Updated on 2024-10-29 GMT+08:00

Model Training Process

AI modeling involves two stages:

  • Development: Prepare and configure the environment, and debug code for training based on deep learning. ModelArts DevEnviron is recommended for code debugging.
  • Experiment: Optimize the datasets and hyperparameters, and obtain an ideal model through multiple rounds of experiments. The ModelArts training platform is recommended for training.

In the two stages, code is designed, developed and tested in repeated cycles. In the development stage, when the code becomes stable, the modeling process enters the experiment stage, during which hyperparameters are continuously optimized to iterate the model. In the experiment stage, when the training performance can be optimized, the modeling process returns to the development stage for optimizing code.

Figure 1 Model development process

ModelArts provides model training, which allows you to view training results and tune model parameters based on the training results. You can select resource pools with different instance flavors for model training.

To train a model on ModelArts Standard, follow these steps:

Figure 2 ModelArts Standard model training process
Table 1 ModelArts Standard model training process

Task

Subtask

Description

Making preparations

Preparing training code

Model training includes training code, training framework, and training data.

Training code contains the boot file or command and dependency package of a training job.

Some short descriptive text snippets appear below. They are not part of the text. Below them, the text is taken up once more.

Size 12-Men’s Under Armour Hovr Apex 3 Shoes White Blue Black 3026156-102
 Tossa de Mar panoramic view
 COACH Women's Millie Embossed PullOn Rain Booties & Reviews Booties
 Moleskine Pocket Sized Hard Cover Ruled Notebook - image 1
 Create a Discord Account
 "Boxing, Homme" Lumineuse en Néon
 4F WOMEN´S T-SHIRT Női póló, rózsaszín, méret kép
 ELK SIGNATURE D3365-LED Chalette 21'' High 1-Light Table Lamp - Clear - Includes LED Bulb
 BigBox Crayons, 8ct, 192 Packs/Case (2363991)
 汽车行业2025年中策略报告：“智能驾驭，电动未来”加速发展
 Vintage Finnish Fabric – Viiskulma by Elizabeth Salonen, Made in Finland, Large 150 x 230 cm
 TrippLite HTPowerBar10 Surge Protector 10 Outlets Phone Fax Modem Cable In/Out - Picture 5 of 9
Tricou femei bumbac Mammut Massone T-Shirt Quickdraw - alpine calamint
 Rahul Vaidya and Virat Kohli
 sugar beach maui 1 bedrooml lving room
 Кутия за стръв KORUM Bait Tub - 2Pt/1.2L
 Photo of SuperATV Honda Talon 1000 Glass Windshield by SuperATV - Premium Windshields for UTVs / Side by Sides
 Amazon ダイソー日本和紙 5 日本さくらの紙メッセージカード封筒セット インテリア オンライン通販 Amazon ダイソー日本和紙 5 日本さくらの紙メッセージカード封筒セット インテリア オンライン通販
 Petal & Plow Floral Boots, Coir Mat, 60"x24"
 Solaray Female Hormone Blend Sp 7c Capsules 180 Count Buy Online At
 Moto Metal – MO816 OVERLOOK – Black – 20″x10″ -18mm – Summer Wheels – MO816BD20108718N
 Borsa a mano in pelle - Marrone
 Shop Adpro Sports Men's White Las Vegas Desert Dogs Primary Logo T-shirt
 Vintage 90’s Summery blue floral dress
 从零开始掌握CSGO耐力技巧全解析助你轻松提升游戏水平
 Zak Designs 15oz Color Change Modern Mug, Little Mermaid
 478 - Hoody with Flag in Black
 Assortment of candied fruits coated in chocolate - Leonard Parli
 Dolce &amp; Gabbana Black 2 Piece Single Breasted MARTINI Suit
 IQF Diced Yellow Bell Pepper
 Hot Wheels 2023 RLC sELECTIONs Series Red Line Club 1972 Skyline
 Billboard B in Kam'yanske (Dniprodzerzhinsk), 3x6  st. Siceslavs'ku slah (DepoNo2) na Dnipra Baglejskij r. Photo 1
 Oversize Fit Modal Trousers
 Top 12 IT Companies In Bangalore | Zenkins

Preparing a training image

There are multiple training image sources. For details, see Preparing a Model Training Image.
  • ModelArts Standard offers mainstream preset images for model training, ready for immediate use.
  • If the preset images do not meet your needs, create custom images.

Preparing training data

Before training, prepare necessary data, which can be datasets or predictive models.
  • Upload your training data to OBS if it does not need further processing. To create a training job, enter the OBS bucket path directly as the input parameter path.
  • Import your unlabeled or unpreprocessed training dataset to ModelArts data management for processing. To create a training job, choose your dataset in data management as the input parameter.

Creating a debug training job

Creating a debug training job

Before model training, debug your code. ModelArts offers multiple methods for creating a debug training job.

  • With ModelArts, you can easily access JupyterLab in the cloud without worrying about environment installation or configuration.
  • After enabling remote SSH, you can remotely access a training job for debugging from a local IDE. This method does not affect your coding habits. Debugged code can be used for production training at zero cost. ModelArts supports local IDE PyCharm. For details, see Using PyCharm Toolkit to Create and Debug a Training Job.

Creating an algorithm

Creating an algorithm

Before creating a production training job, create an algorithm or subscribe to an algorithm from AI Gallery.

Creating a production training job

Using basic training features

Using advanced training features

ModelArts Standard supports the following advanced training features:

  • Incremental learning
  • Distributed training
  • Training acceleration
  • High training reliability

Viewing training results and logs

Viewing training job details

You can view a training job's parameter settings and events on the job details page at any time, whether the job is running or has completed.

Viewing training job logs

Training logs track the execution and any errors that occur during training job runs. You can view these logs to identify and troubleshoot issues that cause jobs to fail.

Table 2 Methods of creating a training job

Creation Method

Description

Using a preset image to create a training job

If you have used some mainstream images to develop algorithms locally, you can select a mainstream image and create a training job to build a model.

Using a custom image to create a training job

To use a non-mainstream image, create a custom algorithm image and then use it to create a training job.

Using an existing algorithm to create a training job

In Algorithm Management, you can manage your created algorithms and those subscribed from AI Gallery. This allows you to quickly create training jobs and build models using these algorithms.

Using a subscribed algorithm to create a training job

You can subscribe to algorithms in AI Gallery to quickly create training jobs and build models.